By RUSSELL JONES
A ruptured sewer line in downtown Brandon that led to over three million gallons of untreated sewage to flow directly into the Neshobe River in late February 2018 resulted in a $12,000 fine against the town.
The Agency of Natural Resources Department of Environmental Conservation announced the fine this past week, largely for failing to report the release to the state in a timely manner.
“This is the settlement that the selectboard agreed to a couple months ago for the March 2018 sewer line break,” Town Manager Dave Atherton said.
According to the press release from the state, in the early morning hours of Feb. 22, 2018, a section of sewer line located under the Neshobe River ruptured. The pipe, which the agency said was installed decades ago and was last inspected sometime between 2011 and 2013, likely ruptured as erosion and river migration slowly exposed and damaged the pipe. The rupture resulted in the discharge of untreated sewage directly into the Neshobe River and a flow of river water into the wastewater treatment facility that disrupted treatment processes.
“There were high flows due to spring thaw and rain, which is not unusual,” said Atherton. “The waste water plant was definitely taking in water somewhere within the collection system (sewer line) which prompted us to start looking at areas around town that would have standing water that could be infiltrating our lines through manholes or possibly a damaged line.”
The press release from the agency said that due to a nonfunctioning alarm, operators were not immediately made aware of the failure. High flow observed at the facility on February 22, 2018 triggered an investigation into the source of the river water, but the operator did not notify the Department of Environmental Conservation (DEC) until after discovering the ruptured pipe on March 6, 2018.
Atherton said the town did find a collapsed line in the Marble Street area and believed this was where the infiltration was coming from.
“We replaced the line and the flows did not go down, so we started inspecting other areas and discovered that there was a damaged line in the river that was taking in a lot of water,” the town manager said. “We immediately rerouted the damaged area of line with pumps and hoses and were able to get the line replaced within 48 hours.”
The DEC, in cooperation with other state, regional and national organizations, provides oversight and technical assistance to operators of wastewater treatment facilities. Operators are required to report to the DEC within 24 hours of discovering an event that causes noncompliance with a wastewater discharge permit. The town completed repairs to the ruptured pipe by March 7, 2018.

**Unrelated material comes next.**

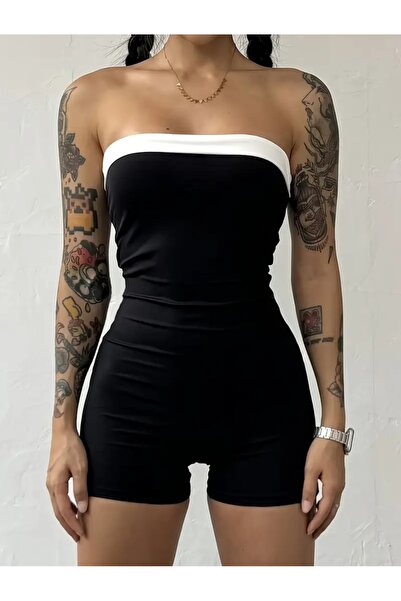 Olyssia Women's Piping Detailed Black Strapless Jumpsuit / New Season - Casual / Sports Use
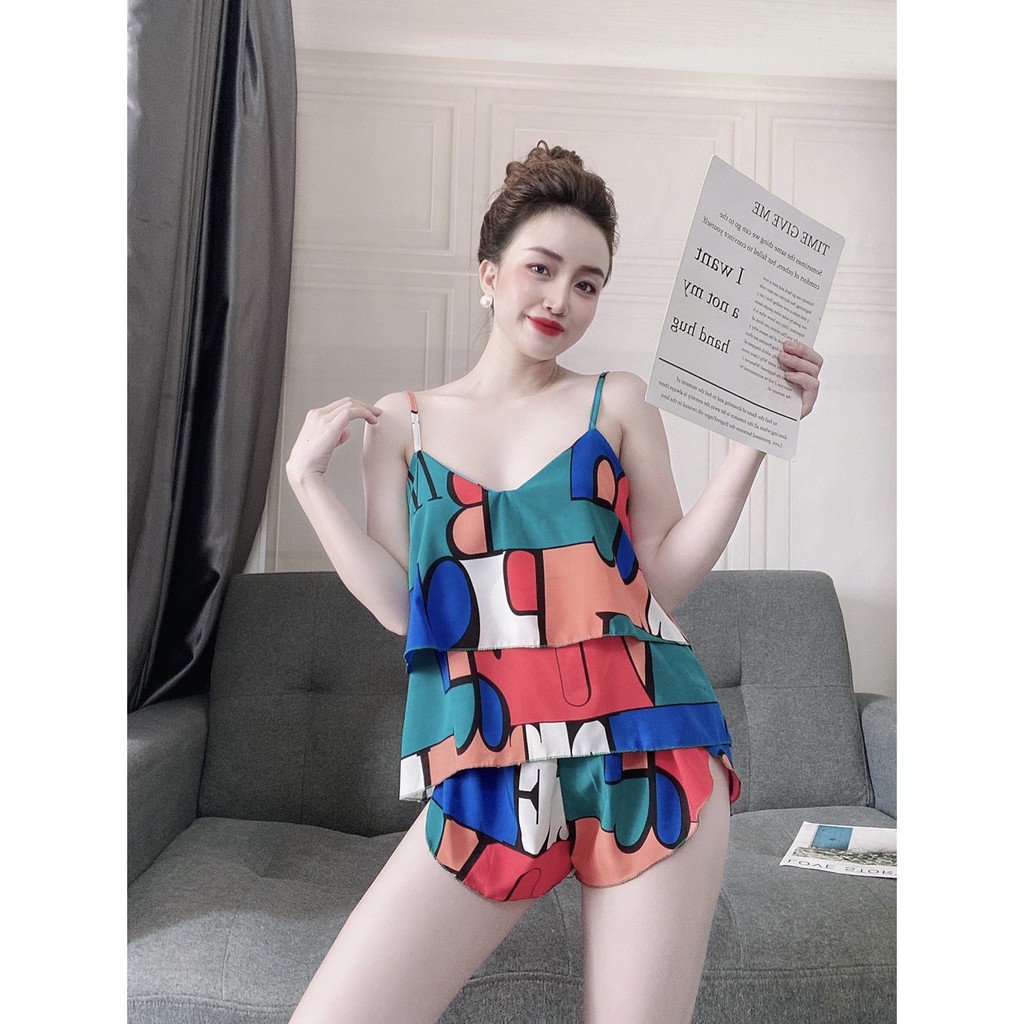 Đồ Mặc Nhà 2 Dây Sexy  Quần Cọc Họa Tiết Lập Thể Chất Lụa Latin Cao Cấp Form Chuẩn Size Dưới 60kg Mặc Vừa | BigBuy360 - bigbuy360.vn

“The break was not discovered on Feb. 22, it was found on March 6,” Atherton said via email. “This is very disappointing that ANR reported it this way.”
The town agreed to pay a $12,000 fine for the unpermitted discharge and delayed reporting. The Vermont Superior Court, Environmental Division incorporated the agreement into a Final Judicial Order on July 8, 2019.

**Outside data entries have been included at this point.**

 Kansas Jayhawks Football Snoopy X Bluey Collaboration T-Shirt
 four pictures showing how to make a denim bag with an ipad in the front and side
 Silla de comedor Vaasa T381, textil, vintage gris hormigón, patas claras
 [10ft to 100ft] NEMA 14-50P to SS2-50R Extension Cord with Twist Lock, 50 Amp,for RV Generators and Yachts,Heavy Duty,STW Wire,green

“Vermont’s aging municipal wastewater treatment facilities and sewer systems present many challenges for operators and customers,” said Emily Boedecker, DEC Commissioner, in the press release. “It is critical that operators take all necessary measures to minimize the potential for and damage from accidental releases, including performing routine inspections, testing alarms, and promptly notifying DEC when compliance issues arise. Timely notification not only ensures that public health concerns can be addressed, but also enables the Department to ensure that facilities promptly identify and resolve the underlying problem.”